The graduation rate in North Carolina improved last year, according to the latest public school performance data released Thursday. The rate has steadily improved over the past 11 years, and there has also been a boost in school grades across the state.
These figures come from the State Department of Public Instruction, and the findings were presented to the North Carolina State Board of Education. The statistics are based on graduation rate, ACT performance, ACT WorkKeys performance, high school math course rigor, and graduation projects, according to Fox Wilmington.
From 2014 to 2015, the state’s graduation rate increased to 85.8 percent. In contrast, this number was 68.3 percent in 2005-06. The four-year graduation rate for black students jumped slightly by 0.7 points, to 82.9 percent. As for the rate for students from low-income families, it increased by one percentage point to reach 80.6 percent last in 2014-15. The result for white students and the state overall was 0.3 percent from 2015 to 2016, according to a report by WRAL.com.
“Everything’s going in the right direction, that’s the key part,” says Dr. Ethan Lenker, Pitt County School’s superintendent, as quoted by WITN.com. “Now, does that mean everything’s perfect? Obviously not. Obviously, there are things for us to work on, but as a whole, we see things going in the right direction. That’s kind of what we want to make sure we continue that direction.”

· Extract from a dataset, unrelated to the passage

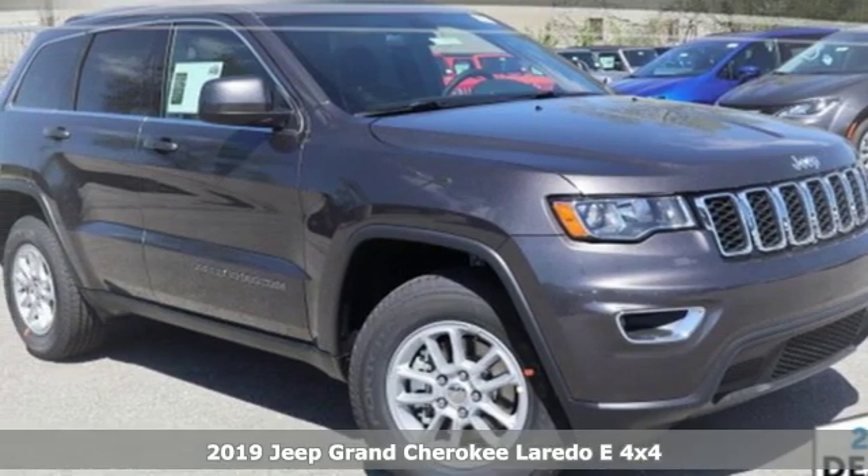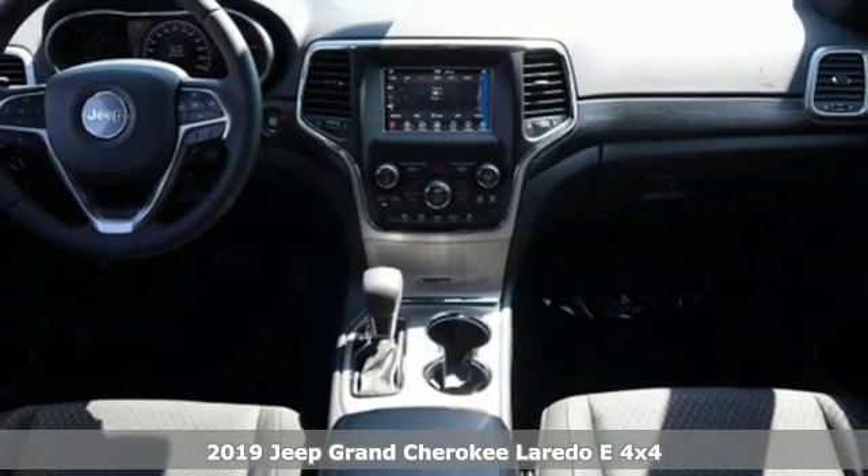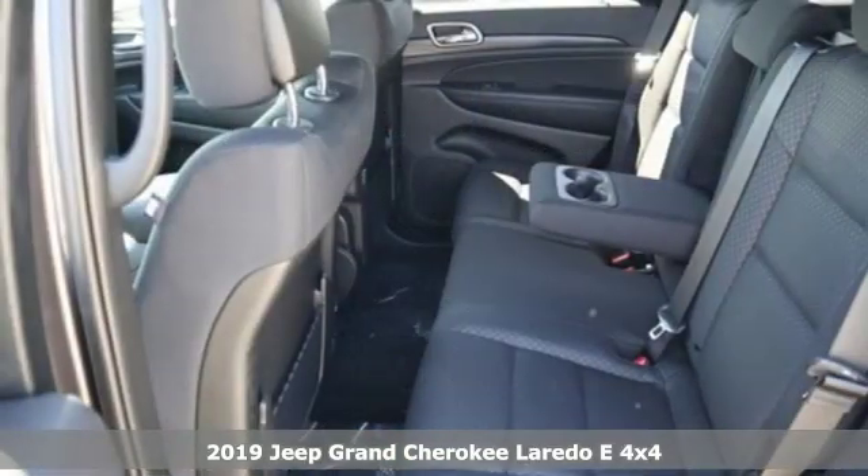Here's a new 2019 Jeep Grand Cherokee. Experience the Jeep life. It's equipped for all your driving needs and wants.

In Pitt County, officials informed that the rate of students who complete high school within four years increased from 80 percent to 83 percent. As for grade level proficiency, it jumped about 2 percent, as reported by Witn.com. However, this county remains below the average (85.6 percent) as its district has only one A school. For its part, Greene County scored the highest rate with 86.5.
New Hanover County Schools’ Superintendent Dr. Tim Markley expressed he was encouraged by the progress his colleagues were making, a clear reflection of the hard work of teachers and principals throughout the district. He said he was also thankful for the support he has received from the Board of Education, according to Fox Wilmington.

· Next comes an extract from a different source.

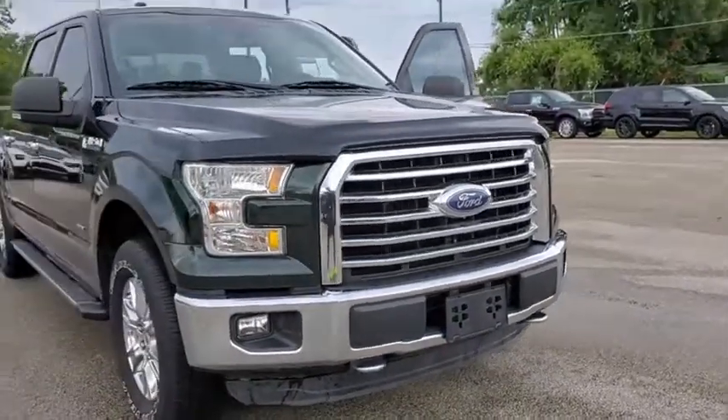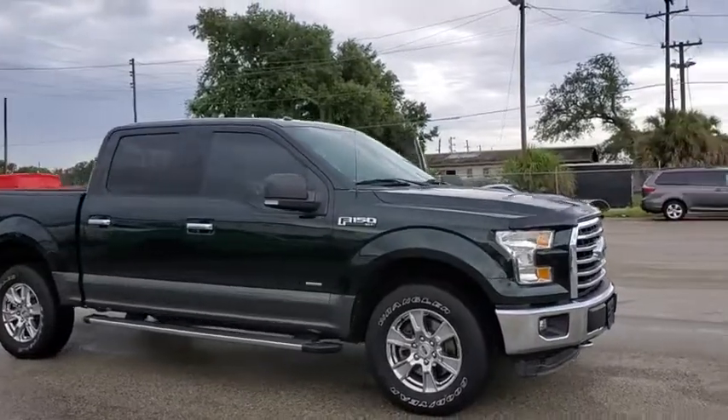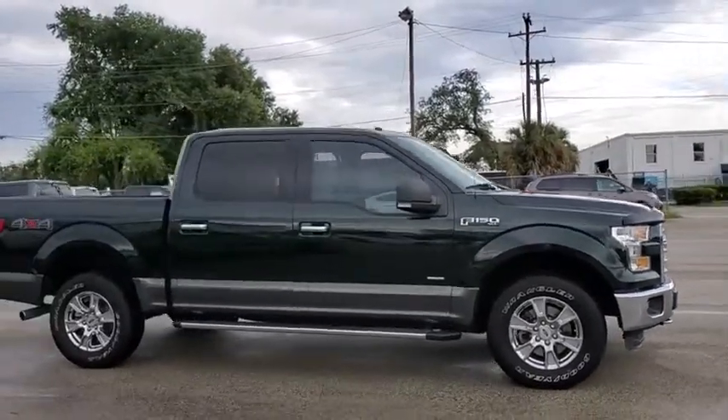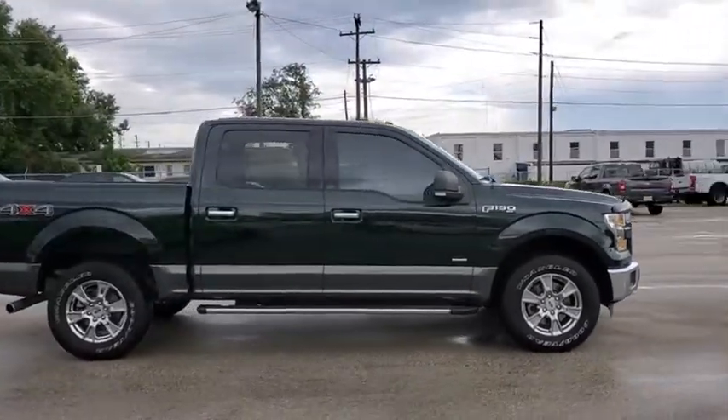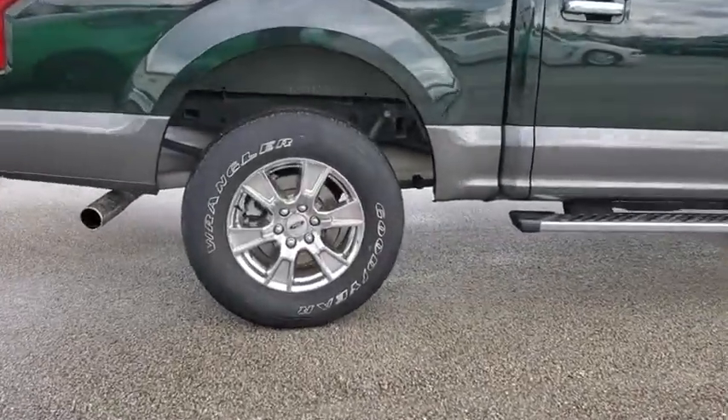We are pleased to show you the 2015 Ford F-150. A Ford F-150 knows how to handle any situation. It's built to follow orders. No whining. This vehicle has less than 35,000 miles.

More students are getting better at reading and math
The findings also show that students’ proficiency in reading and mathematics improved last school year when compared to 2014-15, which indicates that they are better prepared for college careers. About 35.4 percent of students are proficient in both subjects. This percentage was 33.8 in the previous school year. Regarding math only, the rate increased from 44.1 percent to 47 percent and the increase in reading proficiency was rather less significant as it rose from 45.1 percent to 45.8 percent last school year.
These statistics show the fourth year the state has assigned letter grades A-F to its public schools, according to a report by Reflector.com. The numbers are based 80 percent on standardized test scores while 20 percent is based on academic growth, a formula some educational experts across the state do not agree with as they believe it should be changed to 50/50.